Task to complete >>
Every entry must come back exactly as it was written.

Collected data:
"""

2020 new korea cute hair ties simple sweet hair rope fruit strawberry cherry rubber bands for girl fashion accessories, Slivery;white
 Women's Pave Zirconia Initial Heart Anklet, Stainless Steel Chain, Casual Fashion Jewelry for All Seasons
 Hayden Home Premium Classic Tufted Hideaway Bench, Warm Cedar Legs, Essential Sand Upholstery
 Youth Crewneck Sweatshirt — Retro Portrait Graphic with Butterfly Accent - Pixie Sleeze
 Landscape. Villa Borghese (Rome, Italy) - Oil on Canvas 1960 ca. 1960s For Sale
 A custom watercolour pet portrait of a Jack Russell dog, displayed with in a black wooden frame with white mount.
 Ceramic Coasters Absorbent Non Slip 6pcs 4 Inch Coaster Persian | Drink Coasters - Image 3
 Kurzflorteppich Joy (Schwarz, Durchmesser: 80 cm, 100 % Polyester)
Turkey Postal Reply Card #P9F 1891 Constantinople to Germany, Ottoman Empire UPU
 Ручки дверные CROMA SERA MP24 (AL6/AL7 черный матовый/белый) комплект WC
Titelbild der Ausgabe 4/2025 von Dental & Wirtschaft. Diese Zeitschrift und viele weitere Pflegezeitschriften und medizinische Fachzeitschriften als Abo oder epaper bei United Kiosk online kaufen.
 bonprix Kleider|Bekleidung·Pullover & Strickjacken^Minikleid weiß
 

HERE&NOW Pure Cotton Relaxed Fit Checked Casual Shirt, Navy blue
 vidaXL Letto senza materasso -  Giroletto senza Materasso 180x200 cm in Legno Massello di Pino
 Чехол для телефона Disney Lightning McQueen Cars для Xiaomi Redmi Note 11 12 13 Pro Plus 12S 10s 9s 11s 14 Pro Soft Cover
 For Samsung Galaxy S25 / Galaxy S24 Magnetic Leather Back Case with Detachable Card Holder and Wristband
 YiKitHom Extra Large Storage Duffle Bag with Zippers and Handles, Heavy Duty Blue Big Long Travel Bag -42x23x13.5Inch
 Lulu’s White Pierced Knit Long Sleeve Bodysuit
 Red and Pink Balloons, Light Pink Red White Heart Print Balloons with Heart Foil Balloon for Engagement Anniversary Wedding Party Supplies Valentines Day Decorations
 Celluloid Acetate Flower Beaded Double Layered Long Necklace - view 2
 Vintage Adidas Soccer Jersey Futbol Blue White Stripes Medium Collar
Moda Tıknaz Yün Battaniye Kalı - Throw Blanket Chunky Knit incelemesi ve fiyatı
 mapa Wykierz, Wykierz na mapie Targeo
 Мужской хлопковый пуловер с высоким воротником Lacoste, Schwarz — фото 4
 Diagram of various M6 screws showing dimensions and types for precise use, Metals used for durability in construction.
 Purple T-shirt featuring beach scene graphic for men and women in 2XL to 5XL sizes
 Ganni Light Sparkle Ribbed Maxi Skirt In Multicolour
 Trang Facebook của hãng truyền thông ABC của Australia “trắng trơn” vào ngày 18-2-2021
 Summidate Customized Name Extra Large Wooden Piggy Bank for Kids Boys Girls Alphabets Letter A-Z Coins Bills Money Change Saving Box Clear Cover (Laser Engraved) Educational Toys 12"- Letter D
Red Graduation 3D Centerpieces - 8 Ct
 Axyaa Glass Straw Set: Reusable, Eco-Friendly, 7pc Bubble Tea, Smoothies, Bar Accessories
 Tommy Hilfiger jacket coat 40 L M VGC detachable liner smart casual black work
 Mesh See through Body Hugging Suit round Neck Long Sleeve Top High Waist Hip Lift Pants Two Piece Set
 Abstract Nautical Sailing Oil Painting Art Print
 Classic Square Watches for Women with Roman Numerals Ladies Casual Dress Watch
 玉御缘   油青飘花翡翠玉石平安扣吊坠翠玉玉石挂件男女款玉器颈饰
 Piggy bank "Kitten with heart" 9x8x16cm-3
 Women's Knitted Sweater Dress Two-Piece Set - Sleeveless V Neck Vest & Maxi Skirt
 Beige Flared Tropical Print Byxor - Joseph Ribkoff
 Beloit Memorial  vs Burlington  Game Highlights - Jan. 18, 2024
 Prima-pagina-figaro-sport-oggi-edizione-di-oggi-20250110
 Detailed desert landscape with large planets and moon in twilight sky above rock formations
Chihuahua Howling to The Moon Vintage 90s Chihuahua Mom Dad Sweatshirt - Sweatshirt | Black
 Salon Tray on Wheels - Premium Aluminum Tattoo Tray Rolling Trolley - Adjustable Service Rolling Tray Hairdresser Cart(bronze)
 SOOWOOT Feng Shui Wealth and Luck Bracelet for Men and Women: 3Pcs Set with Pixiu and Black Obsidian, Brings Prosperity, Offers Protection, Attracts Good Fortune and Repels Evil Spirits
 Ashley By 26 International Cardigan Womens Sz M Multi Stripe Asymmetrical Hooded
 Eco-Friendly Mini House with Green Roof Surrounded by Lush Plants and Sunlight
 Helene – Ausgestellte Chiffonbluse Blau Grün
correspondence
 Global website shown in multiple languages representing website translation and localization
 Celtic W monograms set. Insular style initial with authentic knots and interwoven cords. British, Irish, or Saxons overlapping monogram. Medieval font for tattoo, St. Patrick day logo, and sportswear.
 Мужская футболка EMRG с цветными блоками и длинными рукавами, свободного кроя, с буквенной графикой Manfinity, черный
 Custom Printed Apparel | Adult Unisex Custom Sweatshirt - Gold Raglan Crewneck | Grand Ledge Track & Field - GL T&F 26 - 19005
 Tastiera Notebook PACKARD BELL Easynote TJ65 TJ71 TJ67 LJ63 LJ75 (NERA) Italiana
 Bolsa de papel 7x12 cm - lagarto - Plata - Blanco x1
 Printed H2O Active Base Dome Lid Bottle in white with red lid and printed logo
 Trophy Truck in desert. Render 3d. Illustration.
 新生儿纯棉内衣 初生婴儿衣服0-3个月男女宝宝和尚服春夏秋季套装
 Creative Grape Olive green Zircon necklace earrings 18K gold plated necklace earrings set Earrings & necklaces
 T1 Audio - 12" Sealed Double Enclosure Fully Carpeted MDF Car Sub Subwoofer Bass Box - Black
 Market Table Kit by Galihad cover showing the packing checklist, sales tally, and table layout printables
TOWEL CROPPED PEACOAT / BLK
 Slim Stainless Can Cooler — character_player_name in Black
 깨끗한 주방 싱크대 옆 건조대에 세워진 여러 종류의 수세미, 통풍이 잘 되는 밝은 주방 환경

"""

Response to the exercise >>
2020 new korea cute hair ties simple sweet hair rope fruit strawberry cherry rubber bands for girl fashion accessories, Slivery;white
 Women's Pave Zirconia Initial Heart Anklet, Stainless Steel Chain, Casual Fashion Jewelry for All Seasons
 Hayden Home Premium Classic Tufted Hideaway Bench, Warm Cedar Legs, Essential Sand Upholstery
 Youth Crewneck Sweatshirt — Retro Portrait Graphic with Butterfly Accent - Pixie Sleeze
 Landscape. Villa Borghese (Rome, Italy) - Oil on Canvas 1960 ca. 1960s For Sale
 A custom watercolour pet portrait of a Jack Russell dog, displayed with in a black wooden frame with white mount.
 Ceramic Coasters Absorbent Non Slip 6pcs 4 Inch Coaster Persian | Drink Coasters - Image 3
 Kurzflorteppich Joy (Schwarz, Durchmesser: 80 cm, 100 % Polyester)
Turkey Postal Reply Card #P9F 1891 Constantinople to Germany, Ottoman Empire UPU
 Ручки дверные CROMA SERA MP24 (AL6/AL7 черный матовый/белый) комплект WC
Titelbild der Ausgabe 4/2025 von Dental & Wirtschaft. Diese Zeitschrift und viele weitere Pflegezeitschriften und medizinische Fachzeitschriften als Abo oder epaper bei United Kiosk online kaufen.
 bonprix Kleider|Bekleidung·Pullover & Strickjacken^Minikleid weiß
 

HERE&NOW Pure Cotton Relaxed Fit Checked Casual Shirt, Navy blue
 vidaXL Letto senza materasso -  Giroletto senza Materasso 180x200 cm in Legno Massello di Pino
 Чехол для телефона Disney Lightning McQueen Cars для Xiaomi Redmi Note 11 12 13 Pro Plus 12S 10s 9s 11s 14 Pro Soft Cover
 For Samsung Galaxy S25 / Galaxy S24 Magnetic Leather Back Case with Detachable Card Holder and Wristband
 YiKitHom Extra Large Storage Duffle Bag with Zippers and Handles, Heavy Duty Blue Big Long Travel Bag -42x23x13.5Inch
 Lulu’s White Pierced Knit Long Sleeve Bodysuit
 Red and Pink Balloons, Light Pink Red White Heart Print Balloons with Heart Foil Balloon for Engagement Anniversary Wedding Party Supplies Valentines Day Decorations
 Celluloid Acetate Flower Beaded Double Layered Long Necklace - view 2
 Vintage Adidas Soccer Jersey Futbol Blue White Stripes Medium Collar
Moda Tıknaz Yün Battaniye Kalı - Throw Blanket Chunky Knit incelemesi ve fiyatı
 mapa Wykierz, Wykierz na mapie Targeo
 Мужской хлопковый пуловер с высоким воротником Lacoste, Schwarz — фото 4
 Diagram of various M6 screws showing dimensions and types for precise use, Metals used for durability in construction.
 Purple T-shirt featuring beach scene graphic for men and women in 2XL to 5XL sizes
 Ganni Light Sparkle Ribbed Maxi Skirt In Multicolour
 Trang Facebook của hãng truyền thông ABC của Australia “trắng trơn” vào ngày 18-2-2021
 Summidate Customized Name Extra Large Wooden Piggy Bank for Kids Boys Girls Alphabets Letter A-Z Coins Bills Money Change Saving Box Clear Cover (Laser Engraved) Educational Toys 12"- Letter D
Red Graduation 3D Centerpieces - 8 Ct
 Axyaa Glass Straw Set: Reusable, Eco-Friendly, 7pc Bubble Tea, Smoothies, Bar Accessories
 Tommy Hilfiger jacket coat 40 L M VGC detachable liner smart casual black work
 Mesh See through Body Hugging Suit round Neck Long Sleeve Top High Waist Hip Lift Pants Two Piece Set
 Abstract Nautical Sailing Oil Painting Art Print
 Classic Square Watches for Women with Roman Numerals Ladies Casual Dress Watch
 玉御缘   油青飘花翡翠玉石平安扣吊坠翠玉玉石挂件男女款玉器颈饰
 Piggy bank "Kitten with heart" 9x8x16cm-3
 Women's Knitted Sweater Dress Two-Piece Set - Sleeveless V Neck Vest & Maxi Skirt
 Beige Flared Tropical Print Byxor - Joseph Ribkoff
 Beloit Memorial  vs Burlington  Game Highlights - Jan. 18, 2024
 Prima-pagina-figaro-sport-oggi-edizione-di-oggi-20250110
 Detailed desert landscape with large planets and moon in twilight sky above rock formations
Chihuahua Howling to The Moon Vintage 90s Chihuahua Mom Dad Sweatshirt - Sweatshirt | Black
 Salon Tray on Wheels - Premium Aluminum Tattoo Tray Rolling Trolley - Adjustable Service Rolling Tray Hairdresser Cart(bronze)
 SOOWOOT Feng Shui Wealth and Luck Bracelet for Men and Women: 3Pcs Set with Pixiu and Black Obsidian, Brings Prosperity, Offers Protection, Attracts Good Fortune and Repels Evil Spirits
 Ashley By 26 International Cardigan Womens Sz M Multi Stripe Asymmetrical Hooded
 Eco-Friendly Mini House with Green Roof Surrounded by Lush Plants and Sunlight
 Helene – Ausgestellte Chiffonbluse Blau Grün
correspondence
 Global website shown in multiple languages representing website translation and localization
 Celtic W monograms set. Insular style initial with authentic knots and interwoven cords. British, Irish, or Saxons overlapping monogram. Medieval font for tattoo, St. Patrick day logo, and sportswear.
 Мужская футболка EMRG с цветными блоками и длинными рукавами, свободного кроя, с буквенной графикой Manfinity, черный
 Custom Printed Apparel | Adult Unisex Custom Sweatshirt - Gold Raglan Crewneck | Grand Ledge Track & Field - GL T&F 26 - 19005
 Tastiera Notebook PACKARD BELL Easynote TJ65 TJ71 TJ67 LJ63 LJ75 (NERA) Italiana
 Bolsa de papel 7x12 cm - lagarto - Plata - Blanco x1
 Printed H2O Active Base Dome Lid Bottle in white with red lid and printed logo
 Trophy Truck in desert. Render 3d. Illustration.
 新生儿纯棉内衣 初生婴儿衣服0-3个月男女宝宝和尚服春夏秋季套装
 Creative Grape Olive green Zircon necklace earrings 18K gold plated necklace earrings set Earrings & necklaces
 T1 Audio - 12" Sealed Double Enclosure Fully Carpeted MDF Car Sub Subwoofer Bass Box - Black
 Market Table Kit by Galihad cover showing the packing checklist, sales tally, and table layout printables
TOWEL CROPPED PEACOAT / BLK
 Slim Stainless Can Cooler — character_player_name in Black
 깨끗한 주방 싱크대 옆 건조대에 세워진 여러 종류의 수세미, 통풍이 잘 되는 밝은 주방 환경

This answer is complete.